Models: Error reported to Coordinator: Nan in summary histogram for: ModelVars/BoxPredictor_5/ClassPredictor_depthwise/BatchNorm/moving_variance

Created on 11 May 2018 · 6Comments · Source: tensorflow/models

System information

What is the top-level directory of the model you are using: object-detection
Have I written custom code (as opposed to using a stock example script provided in TensorFlow):
OS Platform and Distribution (e.g., Linux Ubuntu 16.04): Linux Ubuntu 16.04
TensorFlow installed from (source or binary): binary
TensorFlow version (use command below): v1.8.0-0-g93bc2e2072 1.8.0
Bazel version (if compiling from source): --
CUDA/cuDNN version: 9.0, 7.1.3
GPU model and memory: Tesla P40, totalMemory: 22.38GiB freeMemory: 22.21GiB
Exact command to reproduce:

When I start to train my own image dataset using ssd_mobilenet_v2_coco_2018_03_29, after step 667 it throws below exceptions:

INFO:tensorflow:Error reported to Coordinator: Nan in summary histogram for: ModelVars/BoxPredictor_5/ClassPredictor_depthwise/BatchNorm/moving_variance
     [[Node: ModelVars/BoxPredictor_5/ClassPredictor_depthwise/BatchNorm/moving_variance = HistogramSummary[T=DT_FLOAT, _device="/job:localhost/replica:0/task:0/device:CPU:0"](ModelVars/BoxPredictor_5/ClassPredictor_depthwise/BatchNorm/moving_variance/tag, BoxPredictor_5/ClassPredictor_depthwise/BatchNorm/moving_variance/read)]]
     [[Node: FeatureExtractor/MobilenetV2/layer_19_2_Conv2d_5_3x3_s2_128/kernel/Regularizer/l2_regularizer/_119 = _Recv[client_terminated=false, recv_device="/job:localhost/replica:0/task:0/device:GPU:0", send_device="/job:localhost/replica:0/task:0/device:CPU:0", send_device_incarnation=1, tensor_name="edge_1124_...egularizer", tensor_type=DT_FLOAT, _device="/job:localhost/replica:0/task:0/device:GPU:0"]()]]
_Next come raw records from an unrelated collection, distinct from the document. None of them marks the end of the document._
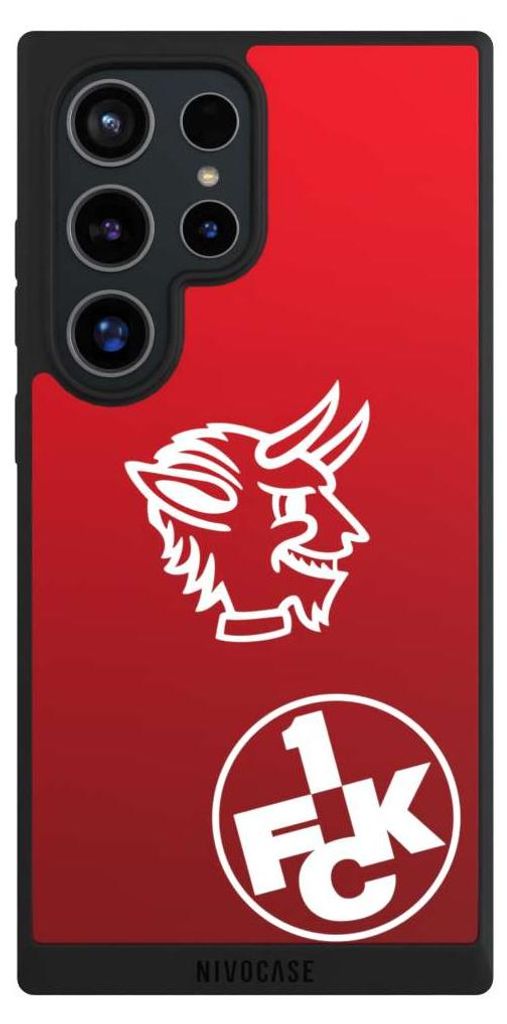 NIVOCASE Handyhülle für Samsung Galaxy S24 Ultra Hülle NIVOpure Case Schwarz 1. FC Kaiserslautern Offizielles Lizenzprodukt Teufel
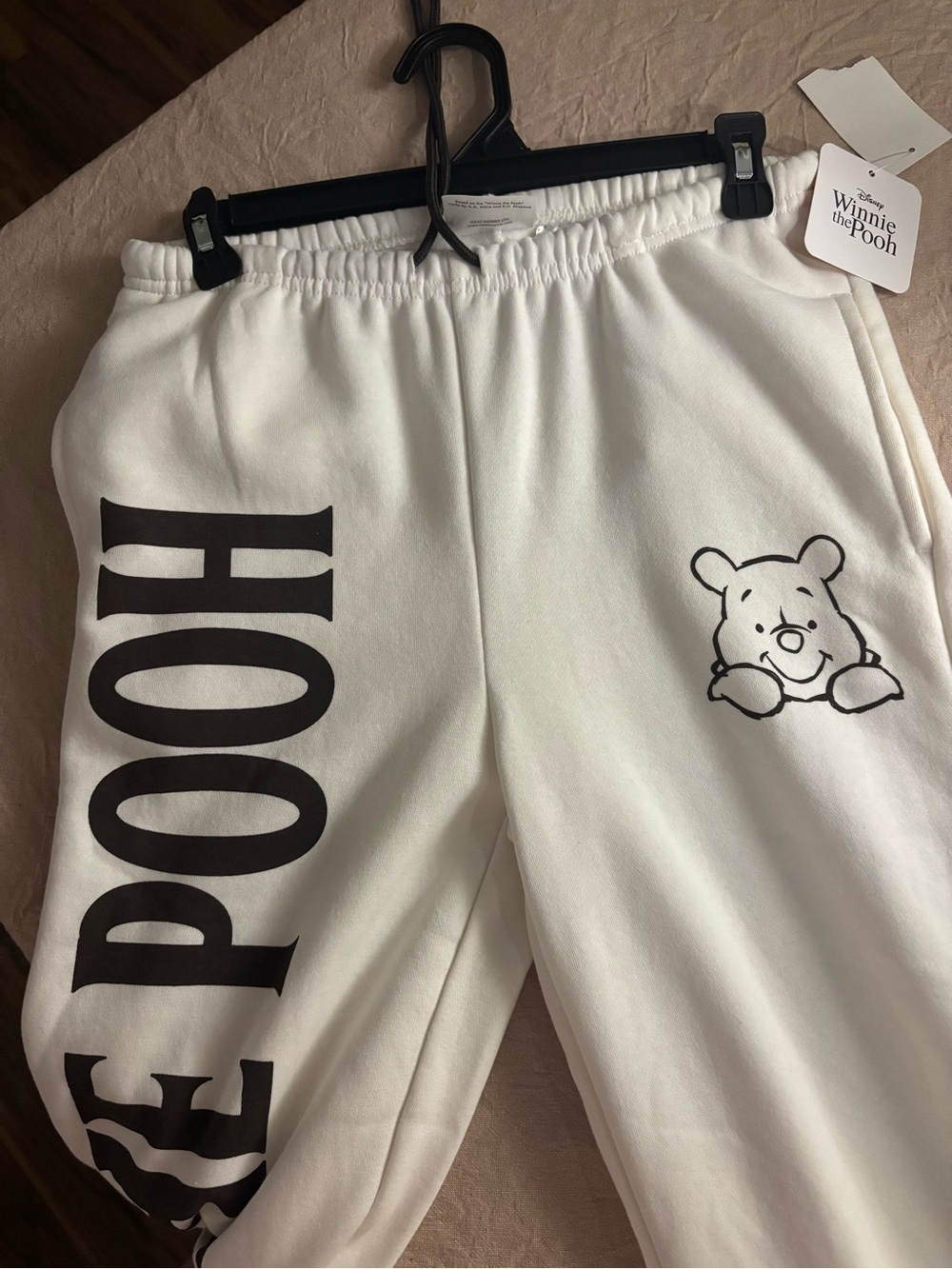 Disney Winnie the Pooh Joggers - Cream with Black Drawstring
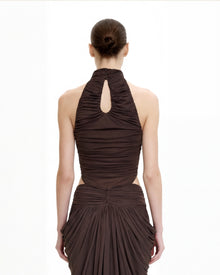 Ruched Twist-Front Halter Bodysuit - Brown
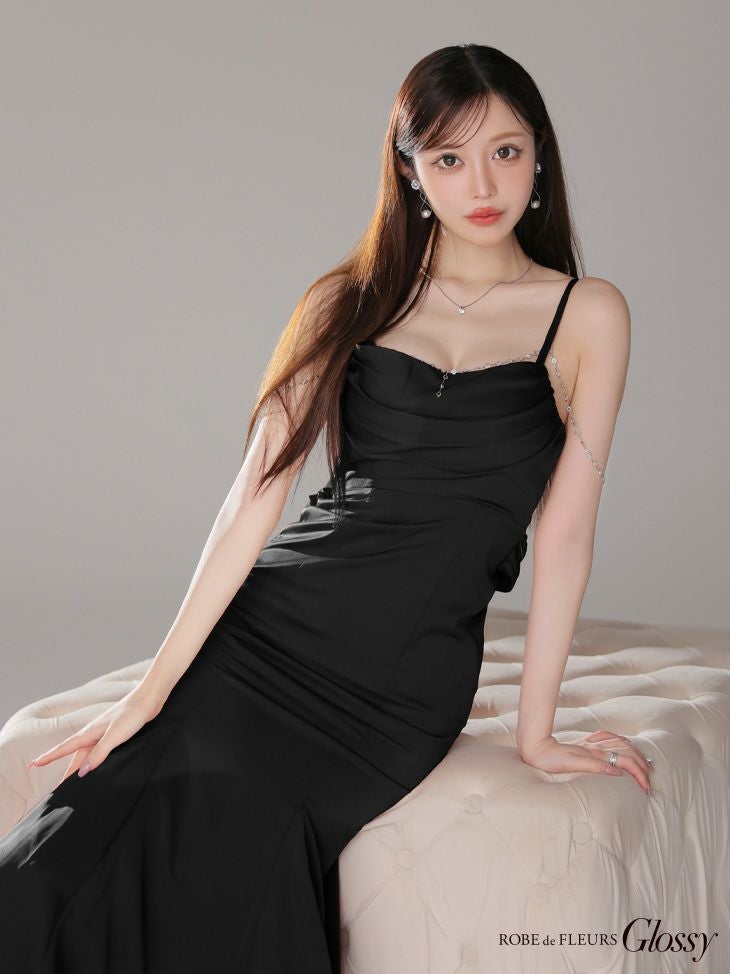 Glossy ローブドフルールグロッシー【XS～Lサイズあり】 サテンバストビジューロングキャバドレス gl3768-3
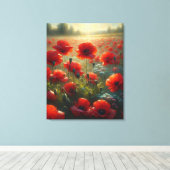  rood klaproos veld op een zomerdag canvas afdruk (Insitu (Houten vloer))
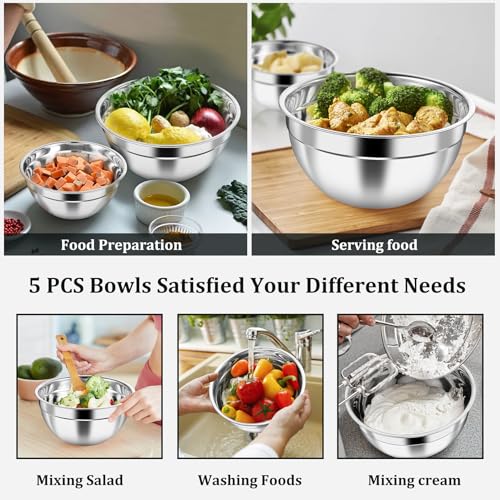 Metal Mixing Bowls with Lids Set (Black / Visible Airtight Lids)
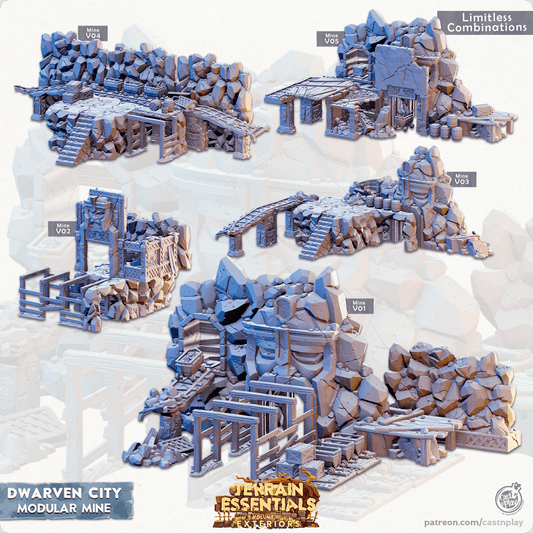 3D Printed Cast n Play Terrain Essentials Vol III Exteriors Dwarven City Set Modular Mine 28mm 32mm D&D - 3D Printing Boss 
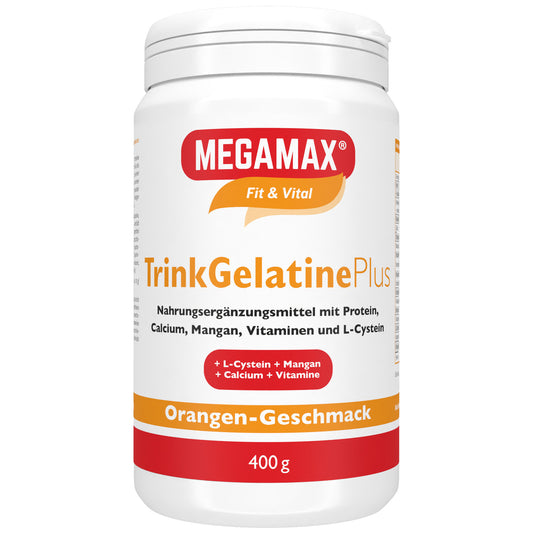 Megamax Trinkgelatine mit Orangen-Geschmack 400 g Dose für Gelenke, Haut und Haare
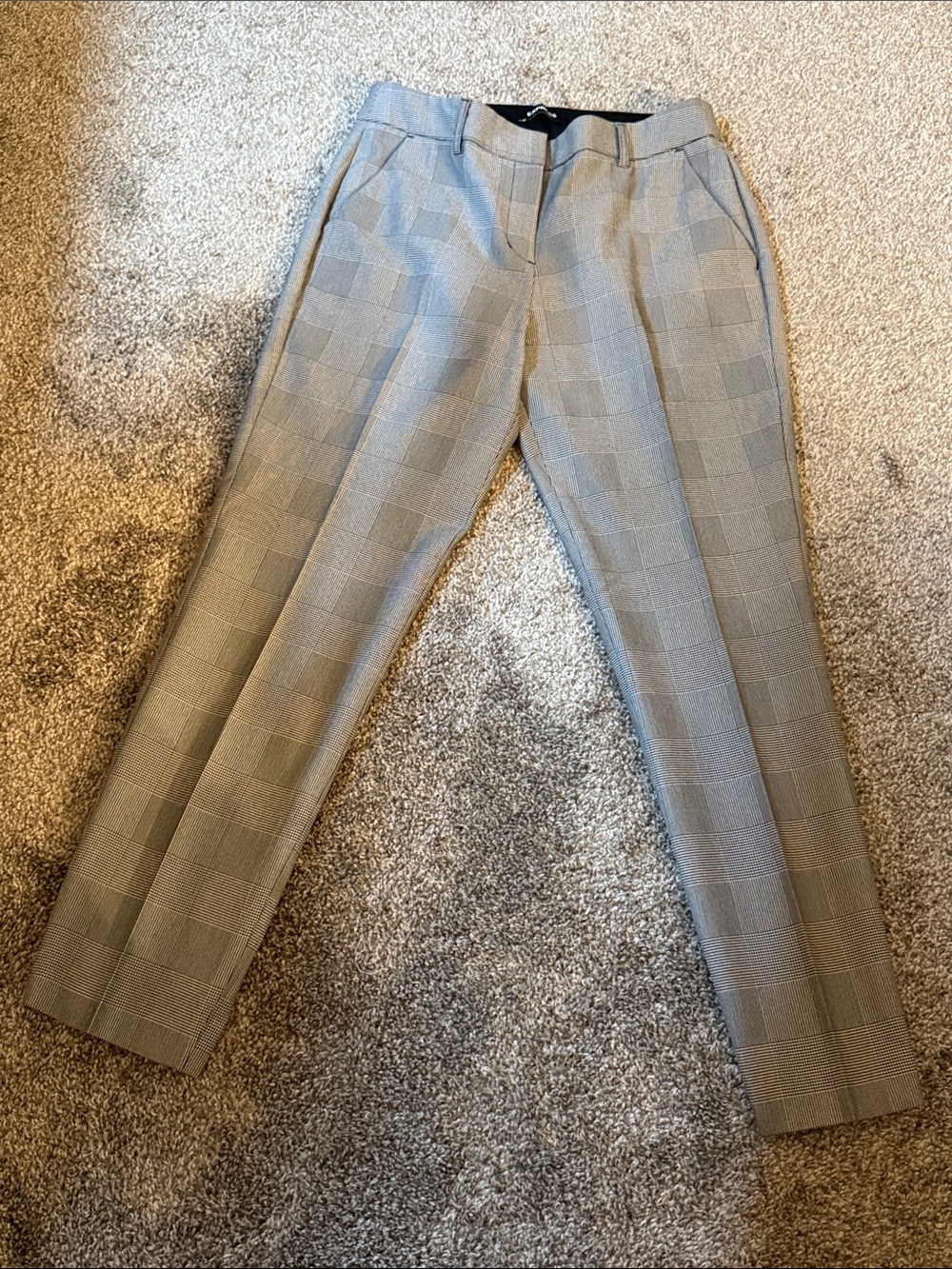 EXPRESS Columnist Ankle Mid Rise - Stretch  Dress Pants - Gray Check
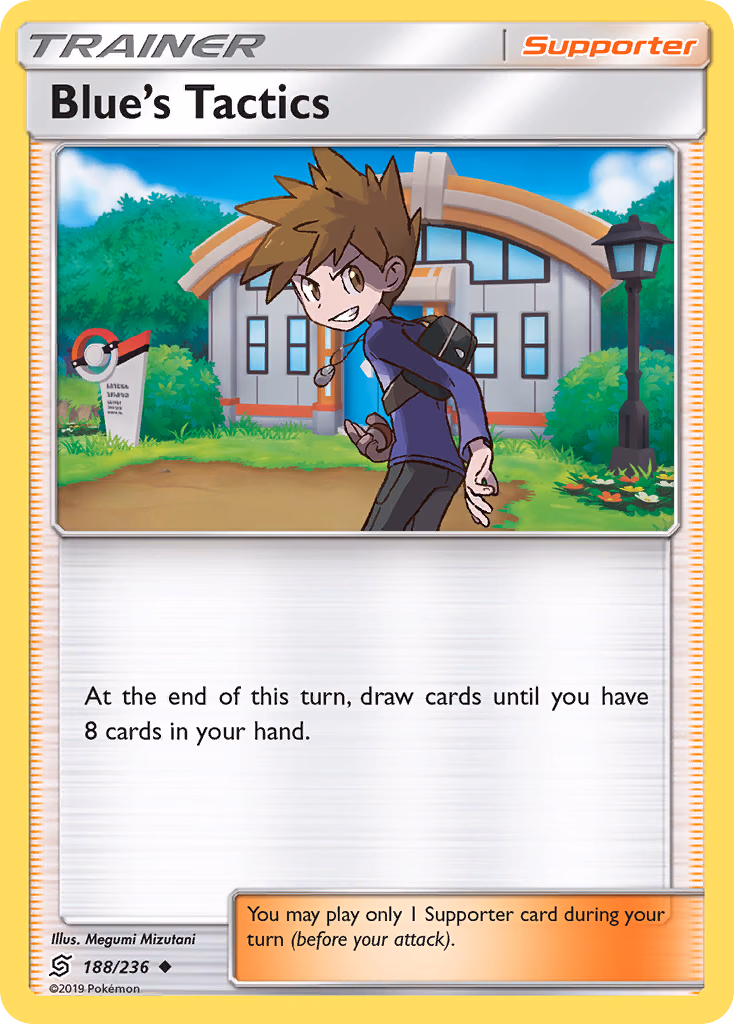 Blue's Tactics Pokemon card (188/236, Unified Minds)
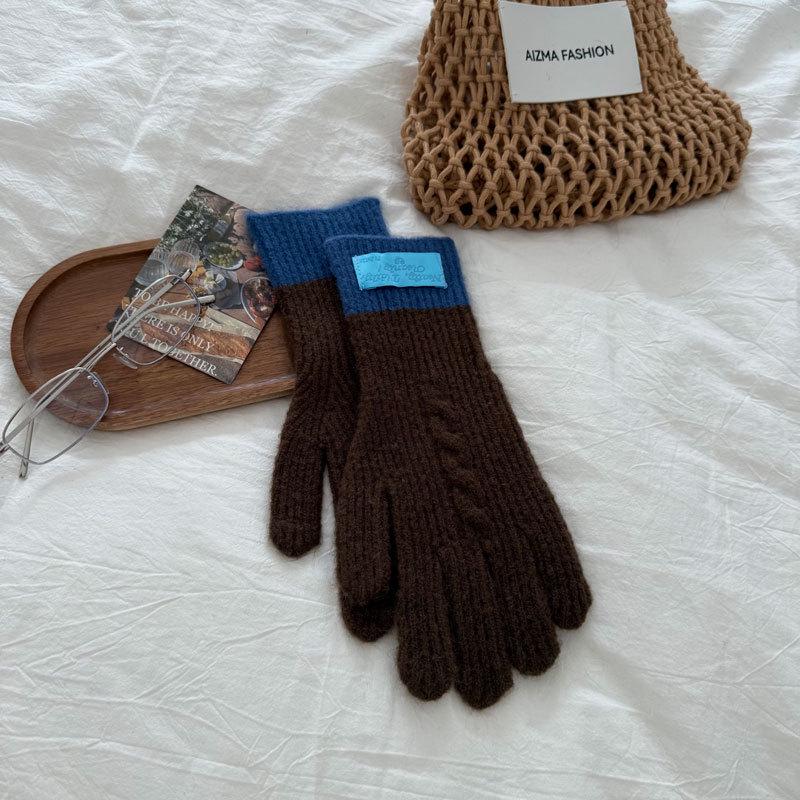 Женские длинные перчатки крупной вязки с цветными блоками для осени/зимы - Теплые, Защищающие от холода, Утепленные, для защиты рук при езде на велосипеде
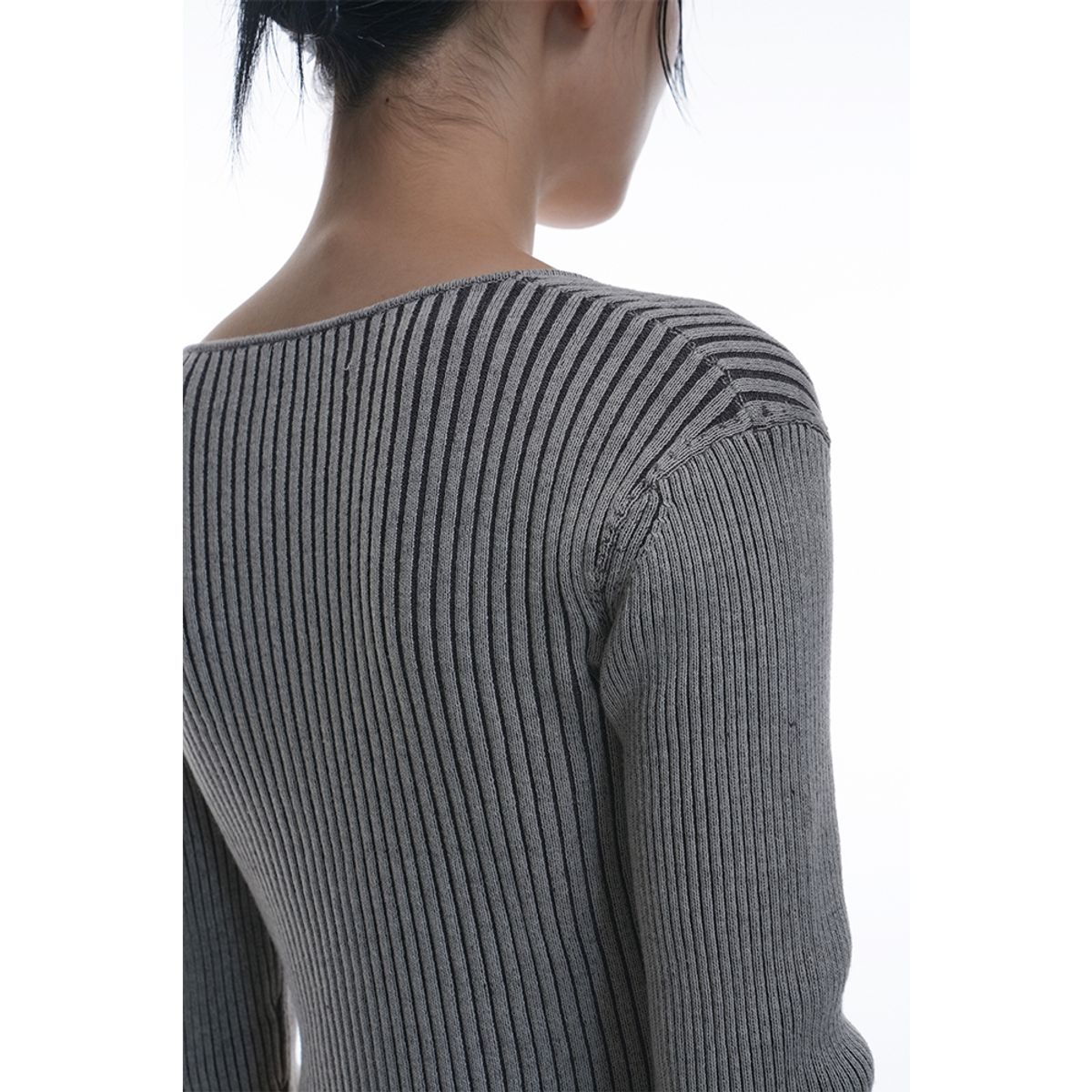 그레일즈(GRAILZ) SLIM RIBBED KNIT CARDIGAN [GREY]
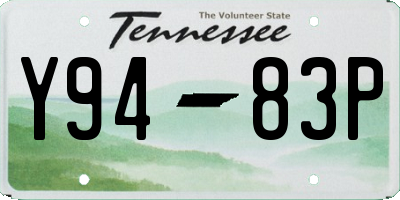 TN license plate Y9483P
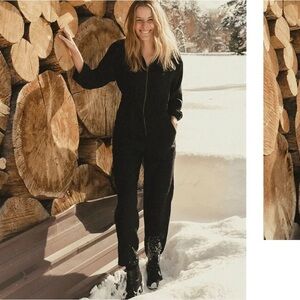 Doen Black Serre Raw Silk Soft Zip Up Jumpsuit Boiler Suit Size Small Dôen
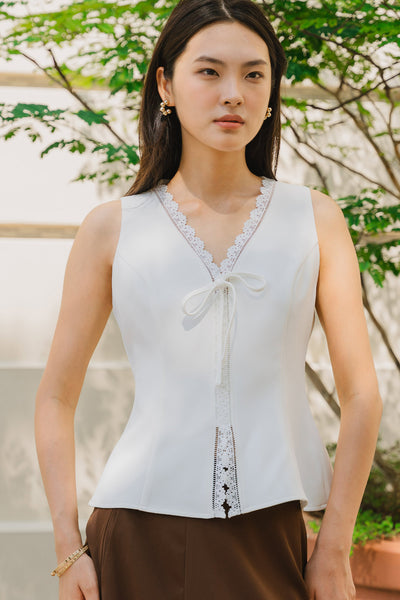 Lucille Eyelet Trim Top (White)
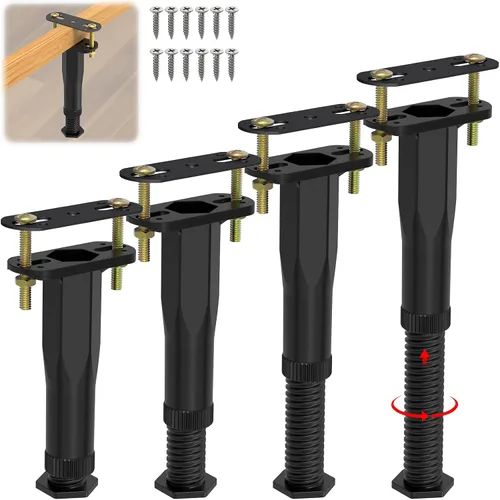 4 patas de soporte central de altura ajustable para marco de cama (6.5 a 11 pulgadas), patas de soporte mejoradas debajo de la cama con base más
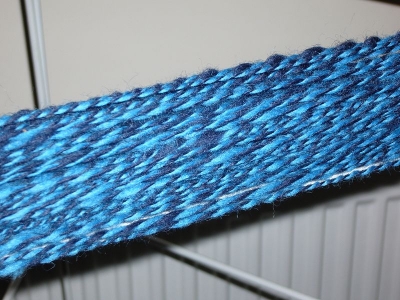 Navy Blue and Turquoise Corriedale - close-up
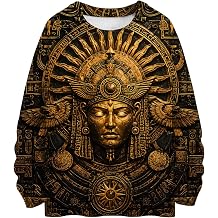 Fashiononly Aztec Sun God Design Pullover Hoodie Men Women Outfit Ancient Gold Art Gift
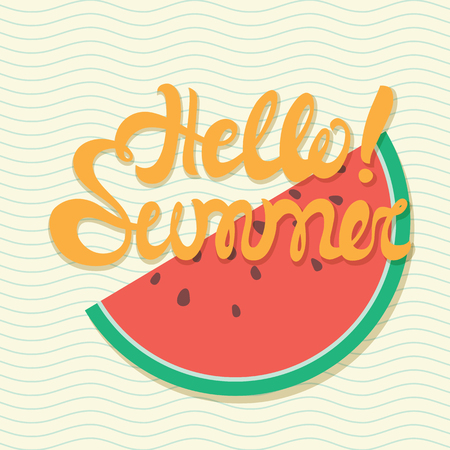Hello summer lettering with conceptual marine background, wave pattern, watermelon. Hello summer poster in white, yellow colorのイラスト素材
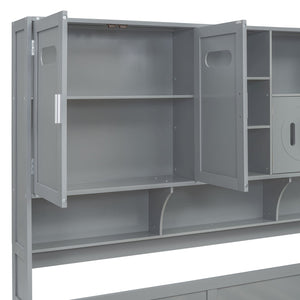 English Elm Full Size Wooden Daybed With Storage Drawers, Integrated Cabinet, And Stylish Gray Finish - Perfect For Any Space! N820S00016E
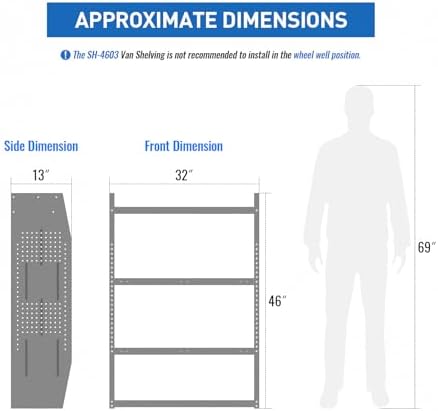 AA Products Inc. SH-4603 Steel Low/Mid/High Roof Van Shelving Storage System Fits Transit, GM, NV, Promaster and Sprinter, Contoured Shelving Unit, 32" W x 46" H x 13" D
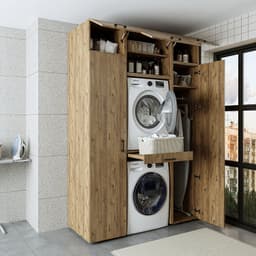 Roomart DUO-I Wasmachine Ombouwkast 157x240 cm - Kastenwand 2 Hoge Kasten 45, Uittrekblad - Eiken — thumbnail 2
Caused by op 'ModelVars/BoxPredictor_5/ClassPredictor_depthwise/BatchNorm/moving_variance', defined at:
  File "train.py", line 167, in <module>
    tf.app.run()
  File "/home/adil/tensorflow/lib/python3.5/site-packages/tensorflow/python/platform/app.py", line 126, in run
    _sys.exit(main(argv))
  File "train.py", line 163, in main
    worker_job_name, is_chief, FLAGS.train_dir)
  File "/home/adil/workspace/models/research/object_detection/trainer.py", line 338, in train
    model_var.op.name, model_var))
  File "/home/adil/tensorflow/lib/python3.5/site-packages/tensorflow/python/summary/summary.py", line 203, in histogram
    tag=tag, values=values, name=scope)
  File "/home/adil/tensorflow/lib/python3.5/site-packages/tensorflow/python/ops/gen_logging_ops.py", line 283, in histogram_summary
    "HistogramSummary", tag=tag, values=values, name=name)
  File "/home/adil/tensorflow/lib/python3.5/site-packages/tensorflow/python/framework/op_def_library.py", line 787, in _apply_op_helper
    op_def=op_def)
  File "/home/adil/tensorflow/lib/python3.5/site-packages/tensorflow/python/framework/ops.py", line 3392, in create_op
    op_def=op_def)
  File "/home/adil/tensorflow/lib/python3.5/site-packages/tensorflow/python/framework/ops.py", line 1718, in __init__
    self._traceback = self._graph._extract_stack()  # pylint: disable=protected-access

InvalidArgumentError (see above for traceback): Nan in summary histogram for: ModelVars/BoxPredictor_5/ClassPredictor_depthwise/BatchNorm/moving_variance

What can be the reason, and how to fix? Thanks!!

Source

Bahramudin

Most helpful comment

I met this question too, when I modified the batch_size from 1 to some value bigger like 64, it's work

lighTQ on 14 Mar 2019

👍3 😄1

All 6 comments

I have the same problem, did you find the reason ? Thank you!

timoonboru on 30 Jul 2018

@timoonboru You can first check all the images are readable and it is not an interrupted image, some of the images even is an interrupted image also can be opened in Windows OS, but cannot in Linux. The best way to check all the images are OK is to use OpenCV read all the images and write is back to the disk with JPEG format if it was readable by OpenCV, then it means this image is OK, if not, then it will throw the problem above.

Bahramudin on 30 Jul 2018

Closing as this is resolved, free to reopen if problem persists.